I conclude therefore that there is no real prospect of successfully arguing that interest forms part of the value of the claim for the purposes of identifying the normal track. It necessarily follows that the District Judge was right (even if his reasoning was somewhat less full) to conclude that the Defendant’s valuation was likely to be the more accurate and that the Small Claims Track was therefore the normal track for this claim.

51.

Once that conclusion is reached, it was for the District Judge, properly weighing all the factors in CPR26.13(1), to decide whether there was anything which took this matter outside of the normal track. This was an exercise that he explicitly undertook and I can see no basis for interfering with his exercise of discretion. Indeed, even if I had concluded that I was in a position to exercise my own discretion, I would have come to the same conclusion.

52.

The law as it applies to the primary issues that arise in cases of this kind is, as the Court of Appeal observed in refusing permission to appeal in Johnson, well settled.
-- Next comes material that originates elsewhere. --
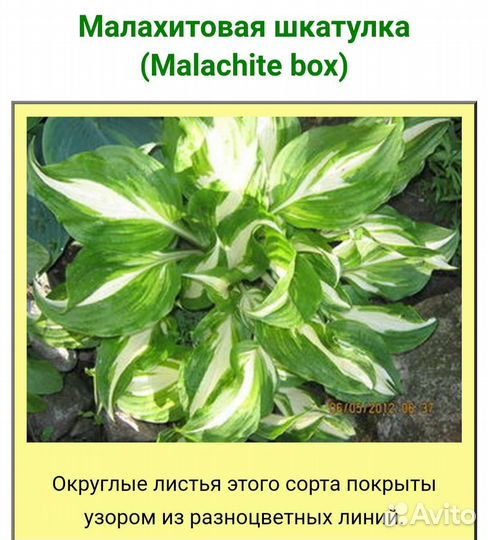 Хоста малахитовая шкатулка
District Judges see ever increasing numbers of claims of this kind in which the same arguments are deployed by the parties, referring to the same authorities (whether properly so called or not). Evidence is likely to be limited. The District Judge’s reference to Payment Protection Insurance claims was apposite. When such claims first came to the fore, it was routinely asserted that their complexity meant that they could only be tried on the Fast Track. Experience has shown that the Small Claims Track is well suited to such disputes.

53.

The District Judge was right (and certainly entitled) to conclude that this matter was not unduly complex. The remedies available do not differ from track to track. Whilst it might be said that these cases involve allegations of dishonesty in the sense considered in Johnson, this is not in my judgment ‘dishonesty’ in the sense intended by PD36.15(4) or in any event by itself a factor that weighs heavily enough in the balance to take the matter out of its normal track.

54.

Furthermore, the District Judge was right not to be deflected by the suggestion that allocation to the Fast Track was necessary in order to allow the matter to be tried fairly, either in terms of the directions required or as regards the Claimant’s expressed need for representation. Whilst orders for disclosure are not automatic on the Small Claims Track (CPR27.2(1)(b)) this does not mean that appropriate orders cannot be made (see CPR27.2(3) and CPR27.4(1)(b)). Mr Butters was careful not to say that the Appellant’s Solicitors would be unable to continue to act in the event of allocation to the Small Claims Track. The reality on the ground is that claimants in such cases continue to be represented on that track, albeit that the funding model may provide a less attractive basis for remuneration than an inter partes costs order.

55.

In my judgment the District Judge was entitled to allocate this claim to the Small Claims Track. Accordingly, whilst I give permission to appeal, the appeal is dismissed.